И есть у нее еще одно имя: Наэма, что значит «миловидная».
Великому и истинному богу должно иметь естество.
Скорее всего, она бесплодна. Или, может быть, я просто не умел войти в нее достаточно глубоко.
Она часто напевает песенку о горлице, которую пожрал ворон.
Я ею владею. Она принадлежит мне.
Но ведь обыкновенно я вхожу очень глубоко.
Бог, у которого нет ни женского, ни мужского естества, — это бессильный бог, он не более чем бесприютный дух пустыни.
Мне нравится щекотать ее ляжки с внутренней стороны.
И пахнет она между ног как шмелиная норка, я бы мог отдать за нее мою жизнь.
В полдень, когда позвали его к царю, он наконец встал, и был он тяжел, и медлителен, и скован внутренним холодом, вся плоть его болела от нетерпения и неизвестности.
Царь Давид велел накрыть стол во внутренней горнице: голуби, перепела, жареные молочные ягнята, хлеб, который слуги согрели в своих ладонях, вареная форель, печеная саранча-хагава, виноград, смоквы, финики. И вино, золотистое и красное, подслащенное и терпкое.
Они не говорят друг с другом, просто восходят на ложа у стола. Сначала Давид, потом Урия, и виночерпий наполняет их чаши вином, сперва терпким золотистым, и они пьют, почти с упрямством, как будто питие — искусство трудное и утомительное. И Давид угощает Урию голубем, которого тот грызет зубами, сначала они едят птицу, потом ягненка, потом хлеб и рыбу, а после этого плоды и, наконец, саранчу, плоды и саранчу они запивают сладким вином, осушают чашу за чашей, и все это в полном молчании, оба не смеют произнести ни единого слова, ибо каждый из них может нечаянно обронить имя Вирсавии, и они оба словно одержимы жаждою и голодом.
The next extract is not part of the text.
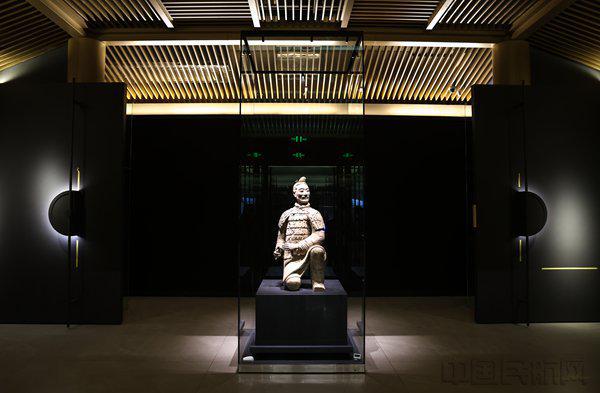 原来秦俑会“变色”：一位博物馆爱好者的寻色之旅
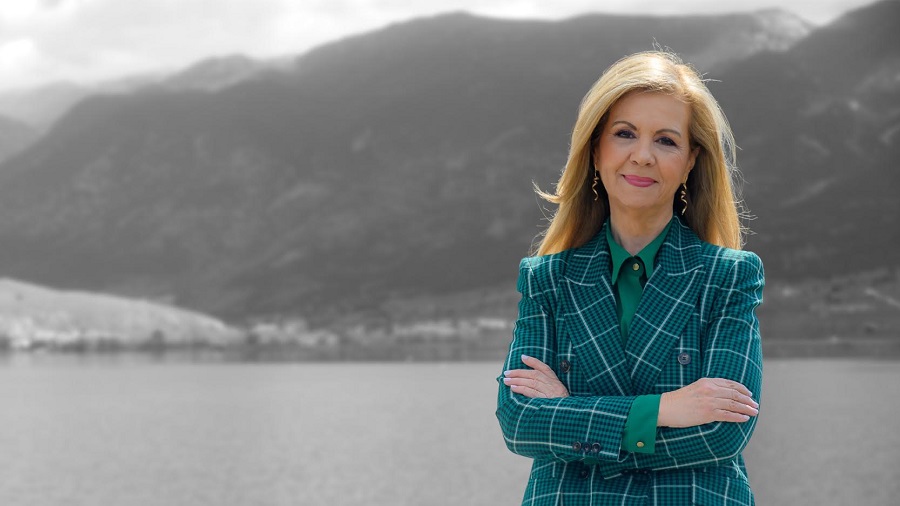 meropi tzoufi sinenteuksi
Чувствуя, что лицо начинает неметь от вина и делается неподвижным, Урия мнет его правой, свободной рукою, пытается оживить, ощупывает пальцами рубцы, и складки, и узлы, и Давид тогда поступает так же — слугам со стороны кажется, как будто эти двое мужчин хотят удостовериться, что их лица еще на своем месте, как будто страшно им, что черты их расплывутся и уничтожатся.
Потом Давид расстегивает сандалии, распускает ремешки, берет сандалии за пятки и бросает слугам. Урия поступает так же.
Вслед за тем Давид нетвердо, но все же повелительно указывает на оружие Урии, на щит у левого его локтя, на копье, которое он положил за спиною, на меч, который еще висит у бедра. И Урия расстегивает пояс и отдает меч слугам, отдает им копье и щит и, хотя взор его затуманен, спокойно смотрит, как они уносят прочь его оружие, один несет копье, другой — щит, третий — меч, теперь он безоружен.